Doch der Autor hat noch eine Idee. Er will die Verfasserin mit ihren eigenen Mitteln schlagen – mithilfe des Internets. Also postet er auf Facebook und seinem Blog, beschimpft, mutmaßt, schlägt unter die Gürtellinie und schließt dabei Hunderte und Aberhunderte für positive Rezensionen bezahlten Wirtschaftskriminellen (aka Literaturblogger) in seine Beschimpfungen mit ein. Geradezu erpresserisch seien viele Rezensenten. Das geht natürlich nicht und so werden nun die Justiz und der Börsenverein des deutschen Buchhandels eingeschaltet. Na, dann zieht euch warm an!

Nachtrag:
Dieser unseriöse, unprofessionelle und beleidigende Autor weiß scheinbar nicht, dass viele Leser jedes Jahr Unmengen an Geld ausgeben (alleine in Österreich wurden 2011 über 470 Mio. Euro für Bücher ausgegeben.

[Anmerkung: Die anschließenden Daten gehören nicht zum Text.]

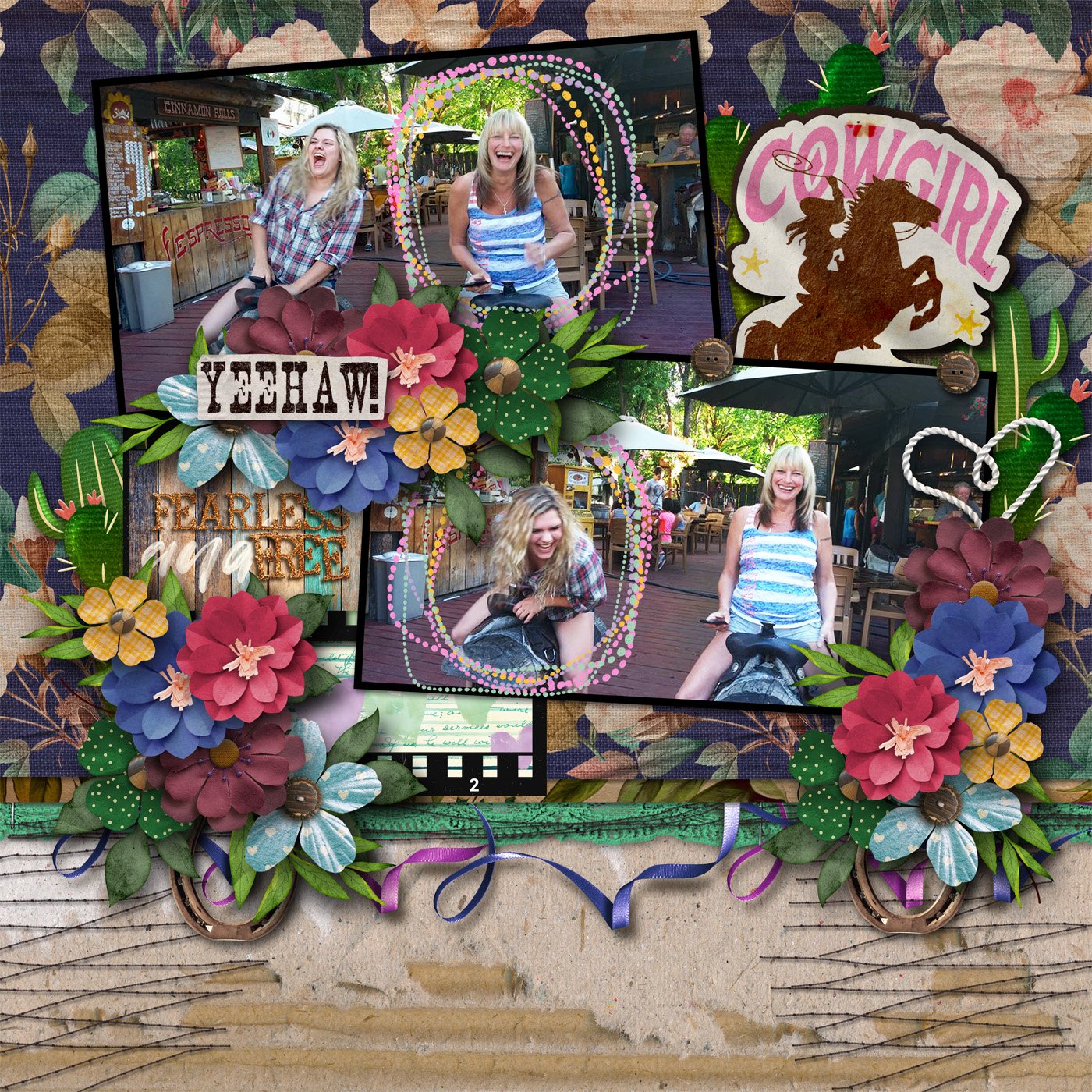 sweetdoll-longlivecowgirls-robinoes66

Mit einem Anteil von 33 % ist Belletristik dabei an erster Stelle – Quelle: „Der Buchmarkt in Österreich“, Hauptverband des Österreichischen Buchhandels 2011, http://www.buchwien.at/rte/upload/buch_wien_11/presse/pressemappe_neu/buchwirtschaft_in_sterreich_2011_oktober_end.doc), nur um wenige ausgewählte Bücher zu lesen, in der Hoffnung, ein wenig Unterhaltung zu erfahren.”

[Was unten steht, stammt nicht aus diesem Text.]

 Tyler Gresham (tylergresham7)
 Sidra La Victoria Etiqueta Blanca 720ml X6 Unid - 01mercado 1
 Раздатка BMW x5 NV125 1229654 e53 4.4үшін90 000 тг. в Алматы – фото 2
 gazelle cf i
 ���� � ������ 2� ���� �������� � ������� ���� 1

Über den Verfasser dieses Textes:
Der Verfasser dieses Textes hat unzählige Pseudonyme und möchte aufgrund der Klagewut diverser Verlage und Autoren anonym bleiben.
Er wurde 1980 in einem kleinen Kuhkaff in Deutschland geboren und stand mit Bildung von Geburt an auf Kriegsfuß. Heute hat er nach mehreren Anläufen seinen Grundschulabschluss geschafft und ist hauptberuflicher Arbeitsloser. Mit seinen vorpubertären 32 Jahren ist er ein völlig unbekannter und unerfahrener Buchblogger, der täglich nicht mehr als drei Klicks auf seinem Blog zu verzeichnen hat. Oftmals loggt er sich mit seinem zweiten Facebook-Account ein, um wenigstens ein „Like“ auf seine Rezensionen zu erhalten.

Seit Anfang 2011 hat er sich dem geheimen Bund der erpresserischen Rezensenten (auch bekannt als Literaturblogger) angeschlossen. Um die Strafverfolgung zu erschweren, flüchtete er nach Österreich, wo er nun in einer großzügigen Villa in den Bergen Tirols lebt. Finanziert wird sein ausufernder, luxuriöser und verschwenderischer Lebensstil von den vielen Verlagen und Autoren, die ihn für positive Rezensionen bezahlen. So konnte er sich innerhalb eines Jahres nicht nur eine stattliche Autosammlung zulegen, sondern nennt auch einen Privatjet, eine Yacht und einen Hubschrauber sein Eigen. 2012 plant er, ein weiteres Anwesen in einem Land ohne Auslieferungsabkommen zu erwerben, um sein Rezensionsimperium weiter auszubauen.